Give the records back exactly as written, but without the images.

(Scraped caption text data)
▬▬▬
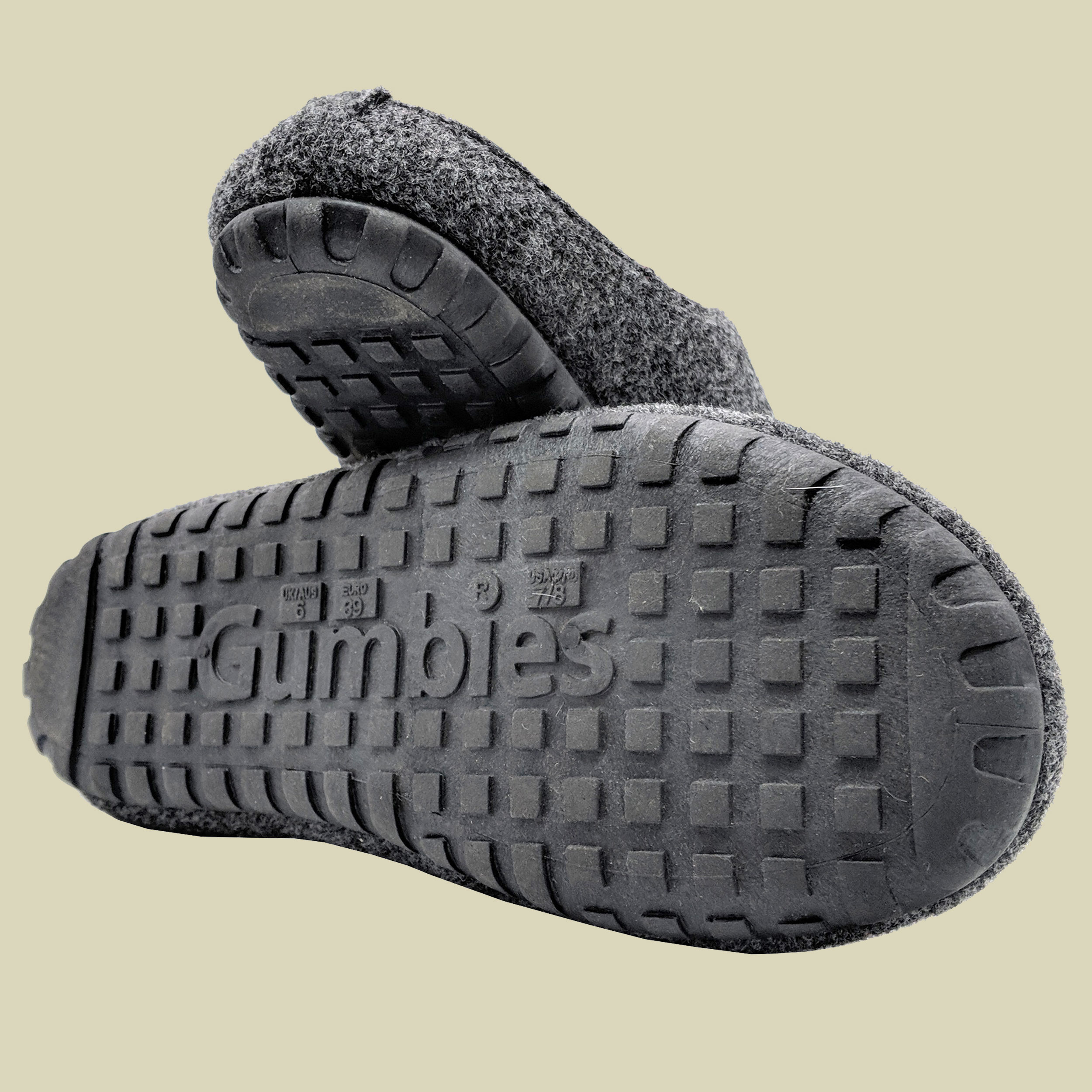 Outback Slipper Women Größe 40 Farbe charcoal/red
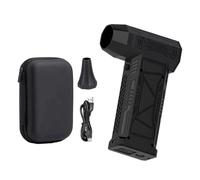 Hipzeepo Mini Ventilador de Turbina Recargable de 150.000 RPM con Luz LED y Pantalla, Velocidad del Viento Ajustable, Soplador Portátil para Limpieza de Automóviles.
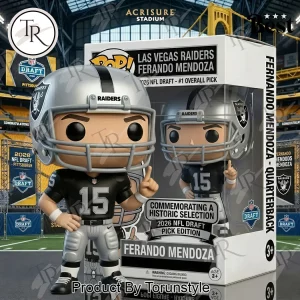 Fernando Mendoza Las Vegas Raiders 2026 NFL Draft #1 Overall Pick Quarterback Funko Pop! Figure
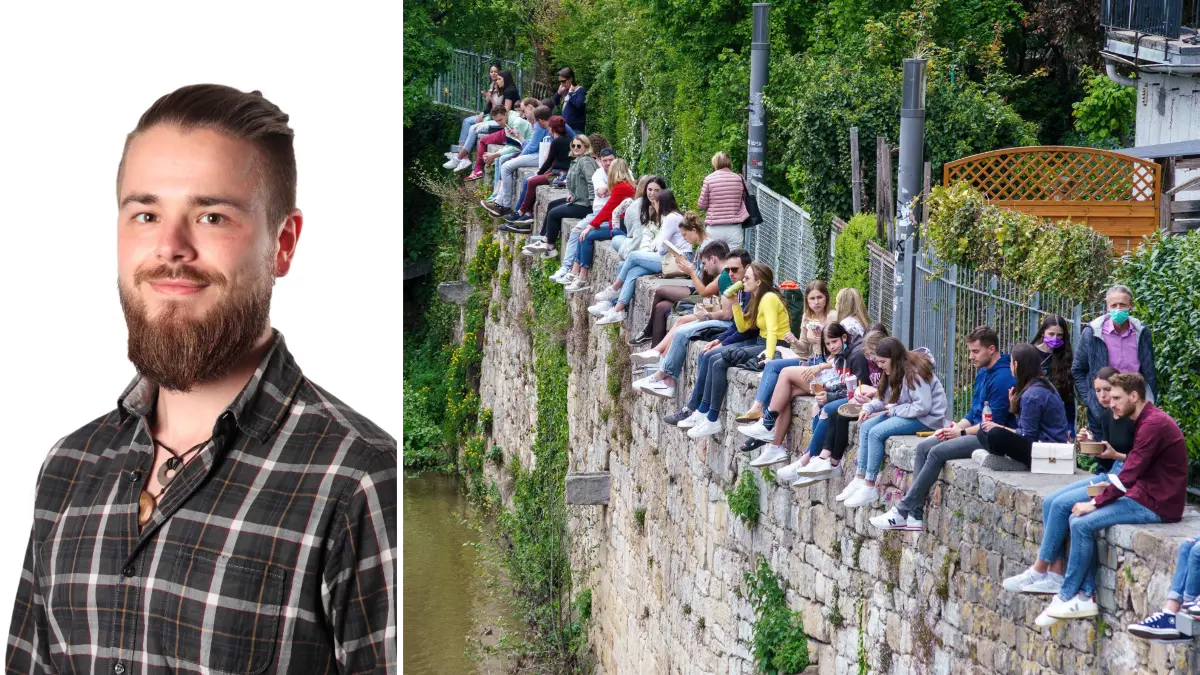 Schön anzusehen vielleicht, aber entspannt Mittagspause machen geht anders. Julian Ettema findet, es gibt wesentlich bessere Sitzplätze in Tübingen als die Neckarmauer.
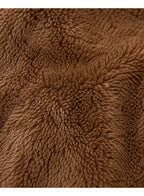 Girls Fur Full Zip Hoodie Jacket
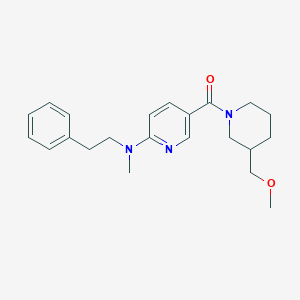 5-{[3-(methoxymethyl)-1-piperidinyl]carbonyl}-N-methyl-N-(2-phenylethyl)-2-pyridinamine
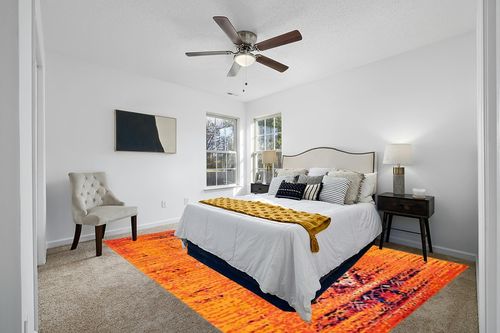 SAFAVIEH Monaco Collection 9' x 12' Orange Multi MNC209H Modern Boho Abstract Distressed Non-Shedding Living Room Bedroom Dining Home Office Area Rug in White and Yellow Modern Bedroom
▬▬▬
| ANSWER SPACE |
 Outback Slipper Women Größe 40 Farbe charcoal/red
 Hipzeepo Mini Ventilador de Turbina Recargable de 150.000 RPM con Luz LED y Pantalla, Velocidad del Viento Ajustable, Soplador Portátil para Limpieza de Automóviles.
 Fernando Mendoza Las Vegas Raiders 2026 NFL Draft #1 Overall Pick Quarterback Funko Pop! Figure
 Schön anzusehen vielleicht, aber entspannt Mittagspause machen geht anders. Julian Ettema findet, es gibt wesentlich bessere Sitzplätze in Tübingen als die Neckarmauer.
 Girls Fur Full Zip Hoodie Jacket
 5-{[3-(methoxymethyl)-1-piperidinyl]carbonyl}-N-methyl-N-(2-phenylethyl)-2-pyridinamine
 SAFAVIEH Monaco Collection 9' x 12' Orange Multi MNC209H Modern Boho Abstract Distressed Non-Shedding Living Room Bedroom Dining Home Office Area Rug in White and Yellow Modern Bedroom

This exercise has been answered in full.